Since finding this website, Seth and I have added a daily "Learning Time" to our morning routine. 

The gist of it:
Mondays--   theme introduced; corresponding book(s) read, song(s) sung; these revisited each day
Tuesdays--  shape or color
Wednesdays-- letter
Thursdays-- number
Fridays-- nursery rhyme and fine-motor activity to celebrate week's theme


She suggests keeping a poster of what you do each week. When the weeks done, we've been taping each part up in the stairwell to our basement. It's awesome to see the ground we've covered. It's also a great visual reminder of the fun we've had together.

I love the structure and her ideas. Her ideas also spark my creativity. It usually ends feeling liked structured play time together. 

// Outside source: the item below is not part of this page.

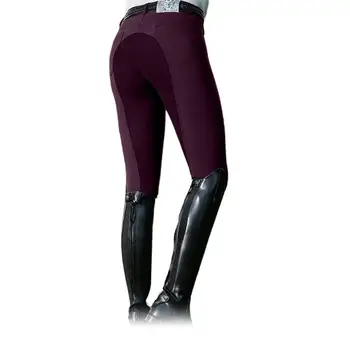 Kadın Moda Sportif Yüksek Bel Elastik Spandex Binicilik Pantolon At Yarışı Sıska Pantolon cepli чтаны 3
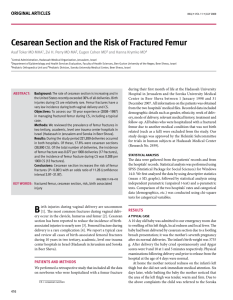 cesarean section and the risk of Fractured Femur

Some of my favorite things we've done so far:

 -   made up a "Cow Dance" to Copland's Rodeo
 -   learning shapes with play-doh (also love her idea of using cookie dough and baking it, need to try it)
 -   keeping track of numbers in his sticker counting book
 -   watercoloring drawn eyes for theme celebration
-    scavenger hunts of letters, colors and numbers throughout the house
-    playing letter games on starfall.com
-    him loving songs on youtube that follow the theme: "lighthouse song" (Brazzle Dazzle Day), "rainbow song" ("Somewhere Over the Rainbow"), "cat song" ("The Cat Came Back" by Laurie Berkner)
-   "tape the eyes on the face" version of "pin tale on the donkey".
-    listening and dancing to "jungle songs": Saint Saens' "Carnival of the Animals"
-    building our own lighthouse with Duplo blocks
-    reading new books together I might not have checked out otherwise

(said lighthouse)

It's also rewarding to be driving down the freeway and he suddenly identifies "letter E!" on the side of the trailer truck. Or to be in the grocery store and have him point out that the box full of oranges is an octagon. And it's rewarding, not just because he's actually retaining something, but because it wasn't Caillou or Sesame Street that taught it to him: it's something he learned from me. 

So consensus: fun, educational. Recommended.

P.S. She has lesson plans for older kids and several other subjects on the same website that I haven't looked into myself, but I'd bet are good.